# Top Bar Hive plan review



## onestory (May 30, 2016)

Please critique these plans for my first top bar hive.

Thank you!


----------



## aunt betty (May 4, 2015)

Bevel the edges. I think ~15 degrees works.
Make the bottom wider. I use a full 1x12 on the bottom. That'd make your number "5.5" change to ~ 3.375
I'll measure my top bar hive and give you some better dimensions.


----------



## onestory (May 30, 2016)

aunt betty said:


> Bevel the edges. I think ~15 degrees works.
> Make the bottom wider. I use a full 1x12 on the bottom. That'd make your number "5.5" change to ~ 3.375
> I'll measure my top bar hive and give you some better dimensions.


Thank you, Aunt Betty

Which edges are you referring to for the bevels?

The 5.5" distance was to create a 120 degree side wall for stronger combs. What is your experience with a less angled side? Are the combs nice and strong when handling them...It's REAL HOT and HUMID in south Louisiana...? What else should I consider?
If you were using a screened bottom with no wood, would you still make the bottom that wide?

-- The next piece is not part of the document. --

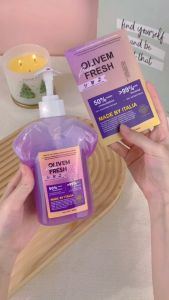 [Tặng Kèm 2 Lõi Refill] Nước Giặt Đồ Lót Sinh Học Posshe Olivem Fresh 380ml - Xuất Xứ Ý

Thanks again. I'm going to be building more of these in the future and I'd like to get it right to begin with.


----------



## aunt betty (May 4, 2015)

The sides are beveled. they end up being around 11 inches once you bevel a 1x12.







The bottom is 11.25 inches wide. I used a piece of plywood on the nuc but my tops bars are identical dimensions.







The depth is 11.25 inches







Inside width (Inside dimension is ~18.25 inches








Hope this helps. I made the thing as large as possible with the least amount of wasted wood.

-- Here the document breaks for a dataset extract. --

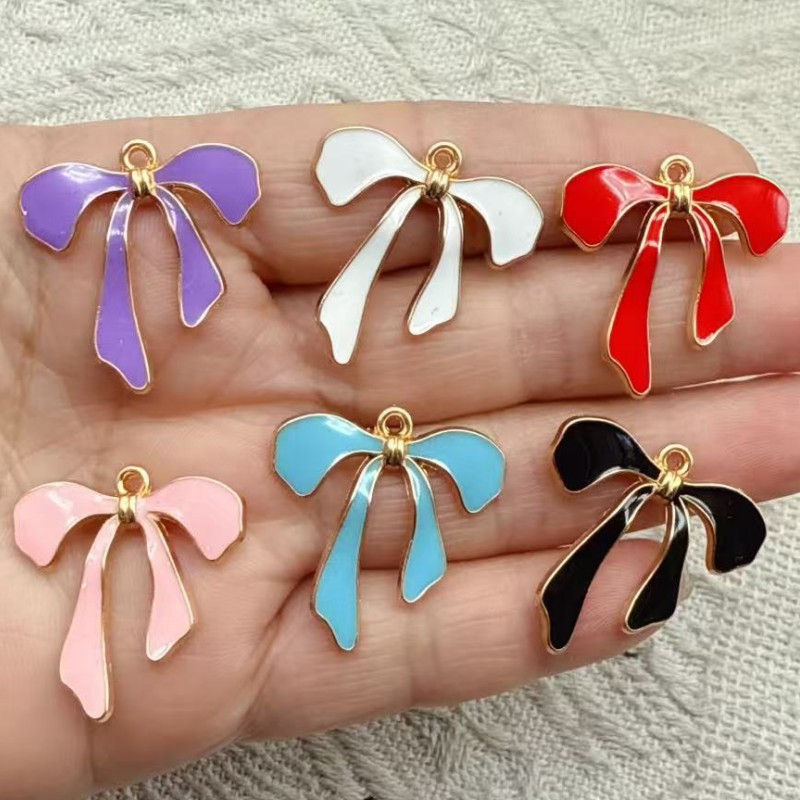 10pcs Bow Tie Metal Enamel Cha - огляд і ціна Bow Tie Pre Tied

My top bar hives look like this. The one on the right with the white cedar shingle roof.


----------



## onestory (May 30, 2016)

NICE! Great photos!

I realize now that our measurements will already be different because I'm using 2x lumber and you used 1x lumber.

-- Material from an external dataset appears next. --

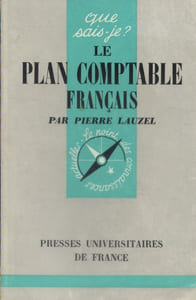 Le plan comptable français.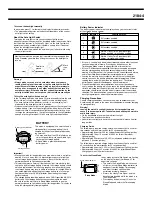 Preview for 4 page of Casio 2184 User Manual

I happen to already have lots of old 2x lumber so that's what I'm using. FREE!!!  My hives will be heavier but the thicker wood should help with longevity and other issues.


----------



## ethanhogan (Jun 1, 2016)

http://www.bushfarms.com/beestopbarhives.htm

Easiest plans out there. Cut to length, nail together or screw ha... Top bar hives are meant to be practical and cheap imho. If you have boards you are already on the right track. If you really wanna be cheap emai les crowder or look at Wyatt magnum book. Les has used 50 gal blue water barrels cut in half for hives. He sent me plans they are pretty interesting. Also Wyatt user sunflower stalks and cat tail sticks to make some hives. Best part about TBH is using resources that you already have imho


----------



## aunt betty (May 4, 2015)

East Central Illinois gets hot too. Not as long as your state but we have tropical summers and arctic winters. 
There's more than one way to skin a cat and I showed you my YANKEE way. 
Your design is perfect for you.


----------



## ChuckReburn (Dec 17, 2013)

That plan will work fine. I'd recommend NOT beveling the top edge of the sides. Leaving a somewhat "pointy" contact area allows the bees to better move out of the way when you are moving bars.


----------



## crmauch (Mar 3, 2016)

onestory said:


> View attachment 25543
> 
> 
> Please critique these plans for my first top bar hive.
> ...


I think you need a way to close the bottom up. I know screened bottoms can be controversial, but I think you're going to want a way to close it up at times (when first hiving, or when it gets occasionally cold down there).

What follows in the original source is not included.